I’ve got a thing about birds.
The dead ones, I mean.
You can’t be a Cat owner for seventy-five years (I was given my first kitten when I was six) without having to dispose of a mountain of bird carcases.
Mind you, the sprightly young version of Master Sloop wasn’t a leaver of bodies. He was more of a find ’em in the churchyard, watch, jump, yum, yum, crunch ’em up, delicious, and walk away… Next?
When I lived in Home Close in Wolvercote with a former chewer of birdlife, a killer called Top Cat, he’d find birds while I slaved away in the daily office grind (remember them?) in Oxford. His one mission in life was to hunt everything that lived on Port Meadow and bring it back as Trophy of the Day.
When he’d done his dreadful deed, he’d meander home with the pile of feathers clamped in his jaw. He’d leave his conquest on the back doorstep for young Sam to deal with. Indeed, you could say it was Sam’s very first backbreaking domestic chore. Bury the Latest Bird.
Sam would cycle home from Magdalen College School (the best in town, natch) and before he was fed and watered by You Know Who, it was get out the shovel, man, and dig another grave. Sam’s reward was that his pipe and slippers would always be waiting, along with his freshly washed and ironed linen, a superbly cooked tea, and a special room called his study where he jaw-jawed for hours to his girl friends while his Mama paid the blithering bills. Then it was time for a piping hot bath, a cosy fresh bed and another day where his Only Domestic Chore remained being sole Burial Master of the latest sparrowhawk.
I don’t know how he had the courage. Me, I’m such a coward. I can’t even bear to look. Although in May this year, I had to. Master Sloop stalked and killed a baby pigeon in Blenheim. He carried it all the way home to the centre of Woodstock and left it in the alleyway of my small walled garden. Not bad, eh, for a cat with cancer who knows he’s on his very last legs but wants to prove he can still an killer be.
By the time I spotted it during my coffee break, the aforesaid naked pale green offering was crawling with ants.
***
I shut my eyes. I prayed that Sam might miraculously appear out of nowhere and rescue me from puking and faintness. ‘Let me do this, Mum,’ he’d say with that devastating smile of his. ‘Let me help you clear up the mess.’
Alas and alack, I was as usual on my own. Playing solo. Being really brave.
Blindfolded, I scurried to the shed, found a shovel, scraped up the naked green thing into a binbag and ran all the way to the Woodstock Museum. Well, to the bins right next to it. It wasn’t intended for display. I then marched home, threw a bottle of Dettol over the place where the ants had been and politely asked Master Sloop if he could find a tiny little caterpillar in Blenheim next time.
Did he listen? Not a snowball’s. He gave a yawn so large I could see down to his cancerous innards and sloped off for another long nap underneath the shed.
The day he was cremated I rang my Gardener and sobbed down the phone. ‘See you at two,’ said Michael Davidson.
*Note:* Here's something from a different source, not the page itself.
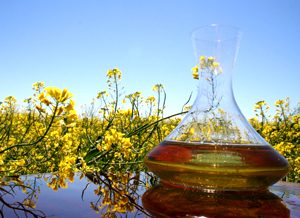 aceite-de-canola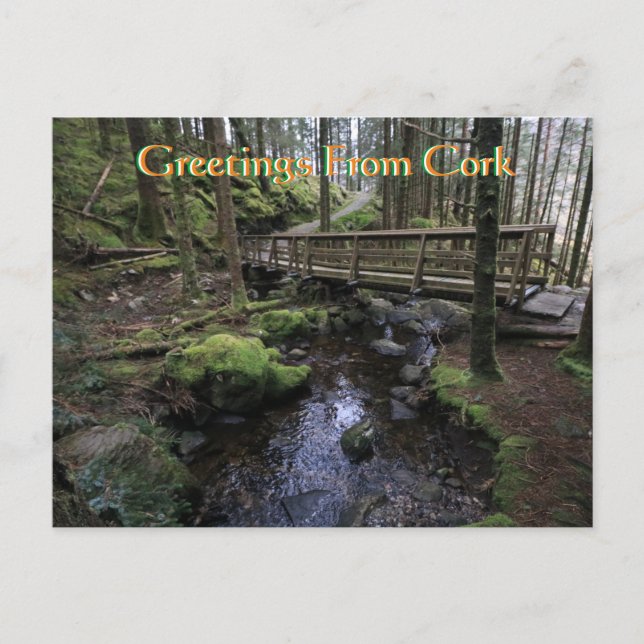 Cork Ireland Postcard Postkarte (Vorderseite)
Together we planned a Memorial Garden to the Dead Cat, a glorious eiderdown of colour, real earth, not a cat’s lavatory, and real flowers.
And birds.
They knew withut being told that the ferocious tiger with the watchful eyes had disappeared through the Oh So Heavenly Gate. They were free to fly in and begin the ritual of their day. Fighting Fattie Pigeon comes first. Letting the jays feed is always second. My pheasant is Marmaduke. He arrives to sunbathe at noon and stays among the digitalis and hollyhocks and lupins and whatchamacallums until it’s time to return to his Blenheim brood.
I have a problem with Chapter Three? Easy peasy. I make a cup of tea and watch the birdies. I even smile for the camera, even though there is nobody else around. It’s my Robin, see? Swoop, swoop, rustle. Dance, peck, swoop. Off again into the sweet fresh air.
Freedom comes at a price, they tell me. My last Cat. I’ve paid it. Now it’s time to dance.